How to complete this task:
None of the images should appear in your copy. Transcribe the data in full.

Data extract:
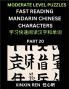Moderate Puzzles to Read Chinese Characters (Part 20) - Learn to Recognize Simplified Mandarin Chinese Characters by Solving Characters Activities HSK All Levels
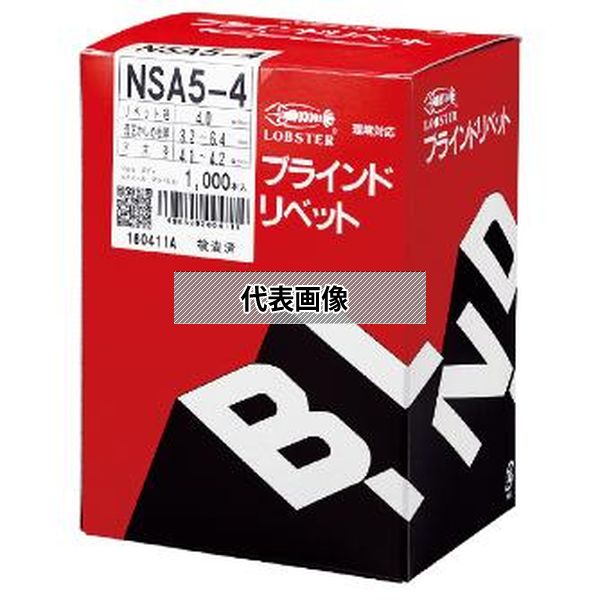 (株)ロブテックス リベット(500本入) NSA616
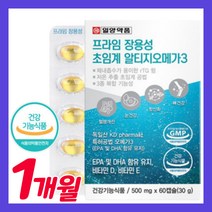 일양약품 프라임 장용성 초임계 알티지오메가3 500mg x 60캡슐, 상세페이지 참조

Answer space:
Moderate Puzzles to Read Chinese Characters (Part 20) - Learn to Recognize Simplified Mandarin Chinese Characters by Solving Characters Activities HSK All Levels
 (株)ロブテックス リベット(500本入) NSA616
 일양약품 프라임 장용성 초임계 알티지오메가3 500mg x 60캡슐, 상세페이지 참조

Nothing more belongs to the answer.